Ogni concezione della storia è sempre data insieme con una certa esperienza del tempo che è implicita in essa, che la condiziona e che si tratta, appunto, di portare alla luce. Parimenti ogni cultura è innanzitutto una certa esperienza del tempo e una nuova cultura non è possibile senza un mutamento di questa esperienza[1].
Seguendo il ragionamento di Agamben possiamo osservare in quale misura tempo e storia siano concetti legati da una relazione ambivalente, al cui centro appare in tutta evidenza l’azione decisiva dell’esperienza. Ciò suggerisce l’esigenza di ribaltare il piano dell’analisi, e perseguire la concezione della Storia partendo non tanto da un’idea astratta del tempo, bensì dall’indagine della sua esperienza concreta. Un assunto teorico di questo genere apre il campo a un ricchissimo bacino di questioni, tutte orbitanti intorno alla natura problematica e sfuggente dell’esperienza corrente. Già nel 1978, l’epoca di uscita del saggio citato, Agamben pensava alla modernità come un’epoca capace di distruggere il concetto di esperienza, almeno nel suo significato tradizionale[2]. Secondo il filosofo, la ragione di tale atrofia dell’esperienza[3] risiedeva nella natura profonda della modernità occidentale, ovvero nella sua vocazione alla ciclica distruzione e riconfigurazione di qualsiasi significato e di qualsiasi autorità. Da ciò non può che fuoriuscire un modello di esperienza del tempo differente rispetto a quello immutabile e continuo delle società tradizionali. La forma di questa nuova modalità esperienziale del tempo, propria della modernità, diviene dunque la moda. Solo da questo tipo di idea “formale” del tempo è possibile pensare una concezione della storia adatta al presente[4]. Di conseguenza qualsiasi approccio teorico allo studio della storia non può che risultare mutato.
Posto in quest’ordine, il rapporto esistente nella modernità tra esperienza del tempo e concezione della storia deve includere tra i suoi elementi fondamentali anche l’armamentario tecnoculturale, e con esso i dispositivi della comunicazione, che l’occidente ha prodotto nell’epoca in questione. Il ruolo svolto dai media moderni nel processo di distruzione dell’esperienza che ha in mente Agamben è comprensibile, ad esempio, nella spiegazione che Walter Benjamin offre del rapporto tra il lettore e il giornale quotidiano:
Se la stampa si proponesse di far sì che il lettore possa appropriarsi delle sue informazioni come di una parte della sua esperienza, mancherebbe interamente il suo scopo. Ma il suo intento è proprio l’opposto, ed essa lo raggiunge. È quello di escludere rigorosamente gli eventi dall’ambito in cui potrebbero colpire l’esperienza del lettore[5].

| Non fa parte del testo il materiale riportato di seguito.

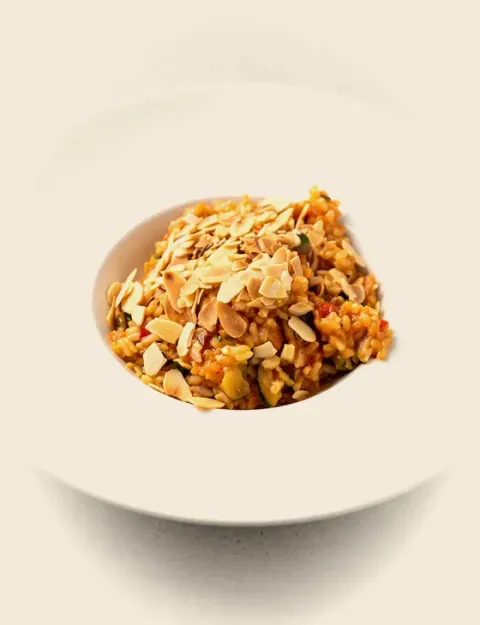 Risotto de verduras con almendras
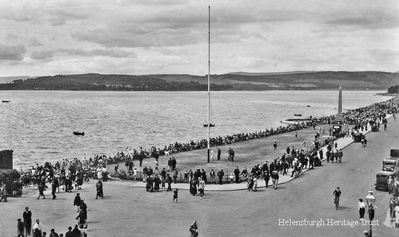 Seafront packed
A sunny day brings out the crowds to Helensburgh seafront, looking west from Colquhoun Street. Image circa 1935.
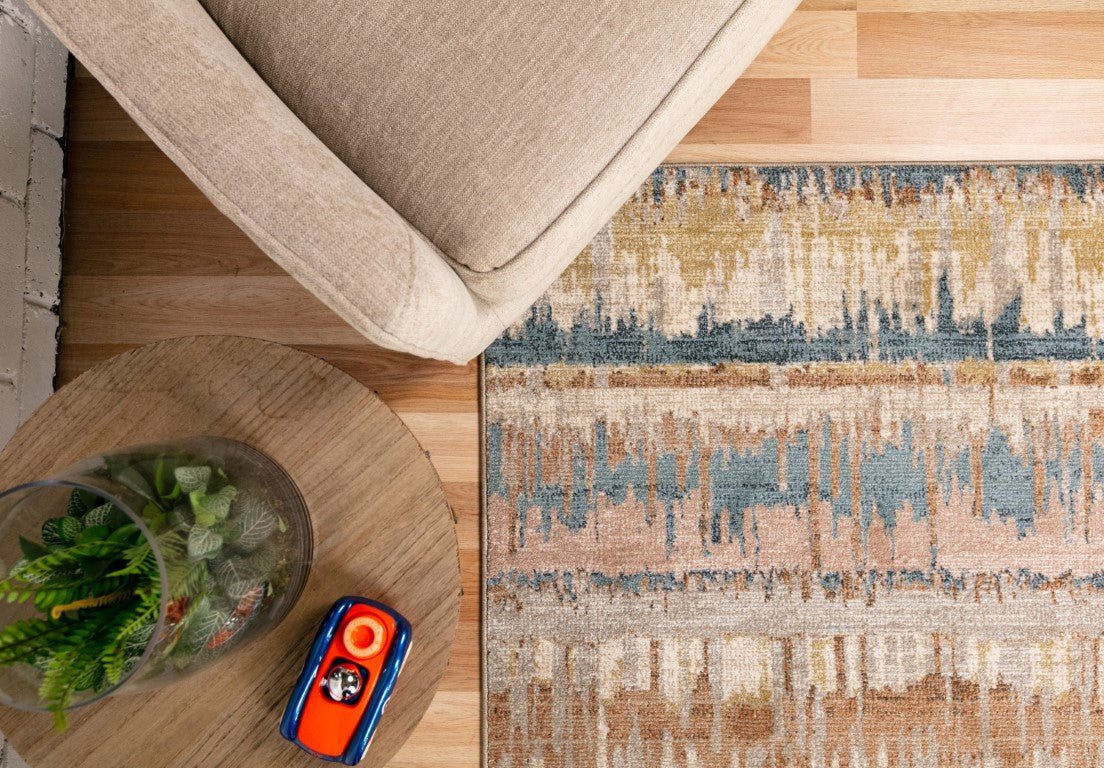 Beige area rug with blue and tan abstract pattern under beige sofa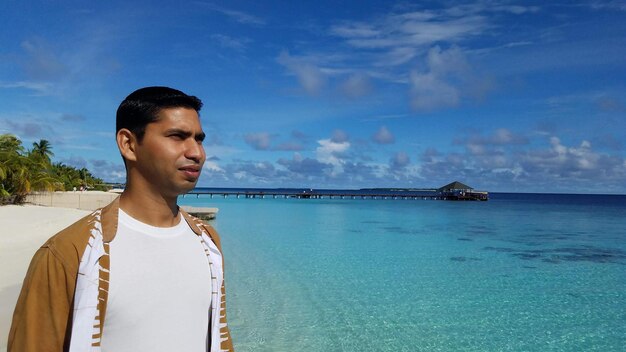 Foto uomo che guarda il mare mentre si trova sulla riva contro il cielo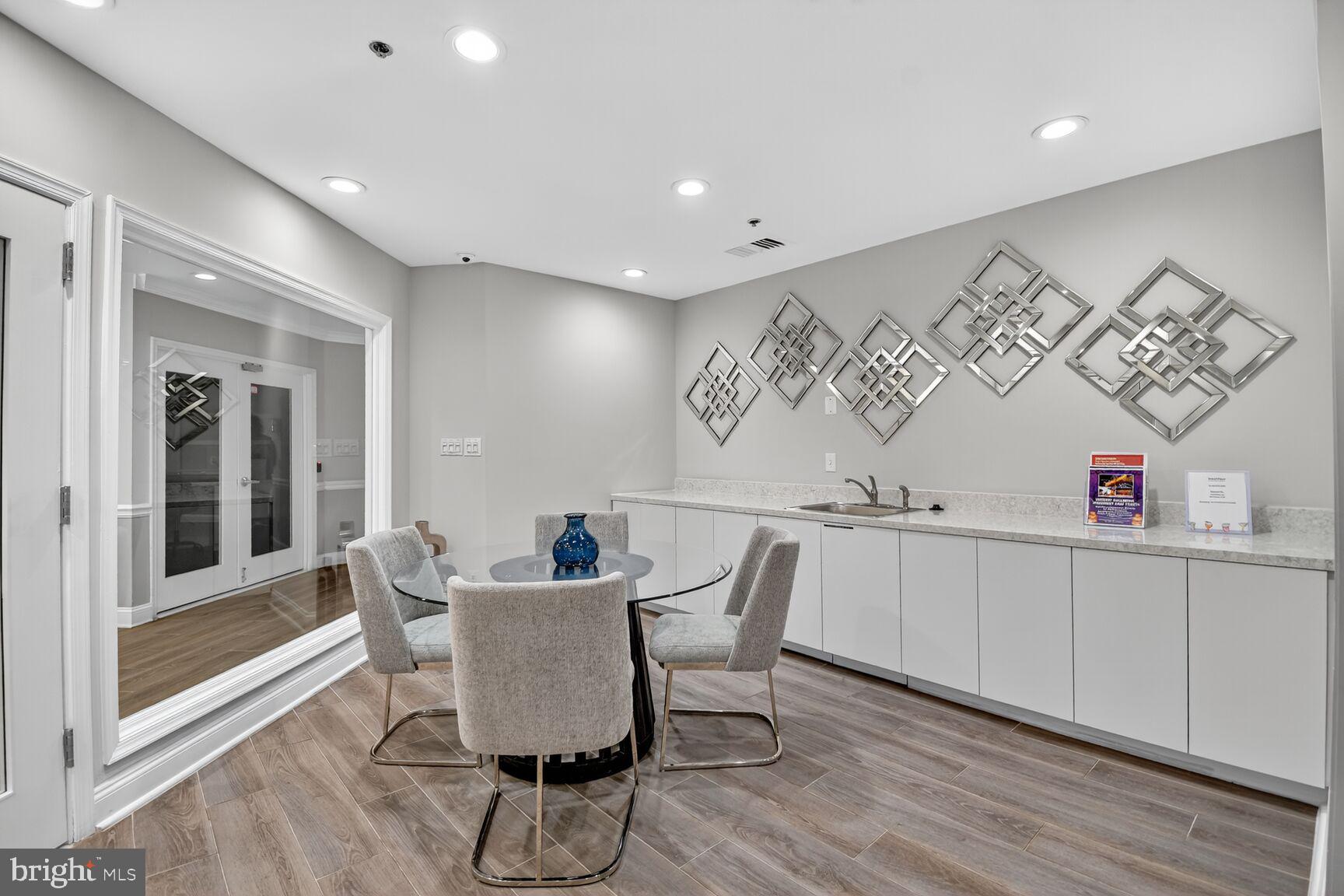 1001 North Vermont Street, Unit 102 Arlington, VA 22201 - Photo 21 of 27 a dining room with furniture and window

Nell’avverarsi di una data forma storica di esperienza, i media sembrano assumere un ruolo di primario interesse. Per dirla con una terminologia benjaminiana, il medium della stampa, entrando nella costellazione storica del tempo moderno favorisce una discontinuità nella natura dell’esperienza umana, le cui ripercussioni sul concetto di storia sono per nulla secondarie. La partita si va dunque giocando intorno al concetto di esperienza, è peraltro lo stesso Benjamin a ricordarlo poche righe dopo la citazione precedente:
La rigida esclusione dell’informazione [dall’esperienza privata del singolo] dipende anche dal fatto che essa non entra nella «tradizione». I giornali appaiono in forti tirature. Nessun lettore ha più facilmente qualcosa da poter raccontare all’altro. C’è una specie di concorrenza storica tra varie forme di comunicazione[6].
La difficoltà dell’uomo moderno, non tanto di incontrare la dimensione pubblica per mezzo della stampa, bensì di riconoscere nell’informazione un grado di autorità capace di resistere alle forze distruttive della modernità suggerisce, secondo Benjamin, una diminutio dell’esperienza tradizionale. L’informazione mediata dalla stampa non proviene dalla metafisica della tradizione, essa si riceve, è necessaria per entrare in contatto con la società, ma non si accumula come sapere, e soprattutto non si tramanda come saper-fare. L’esperienza del lettore del giornale quotidiano spezza così la congiunzione tra la vita pratica e la dimensione metafisica della società, “relegandosi” nel terreno dell’immaginario collettivo. Il tipo di esperienza che vive il lettore della stampa è finalmente un’esperienza che si può fare, ma che non si può mai avere.
È noto che le teorie di Walter Benjamin, specialmente quelle riguardanti il concetto d’esperienza, permettano al lettore diversi percorsi interpretativi. Così nel pensiero di quest’autore, la lettura di un giornale quotidiano, ma lo stesso vale per tutte le altre forme mediali successive alla rivoluzione industriale, presuppone un tipo di esperienza “post-tradizionale”, in cui l’atrofia del precedente modello sembra paradossalmente la condizione necessaria all’insorgenza di nuove forme esperienziali. In questo modo Benjamin, le sue tesi di filosofia della storia sono in tal senso fondamentali, indica al suo lettore il punto di rottura tra tradizione e modernità da cui discenderà ugualmente una rinnovata concezione della storia. Al centro di tale idea di storia rifulge lo splendore dei dispositivi della comunicazione[7].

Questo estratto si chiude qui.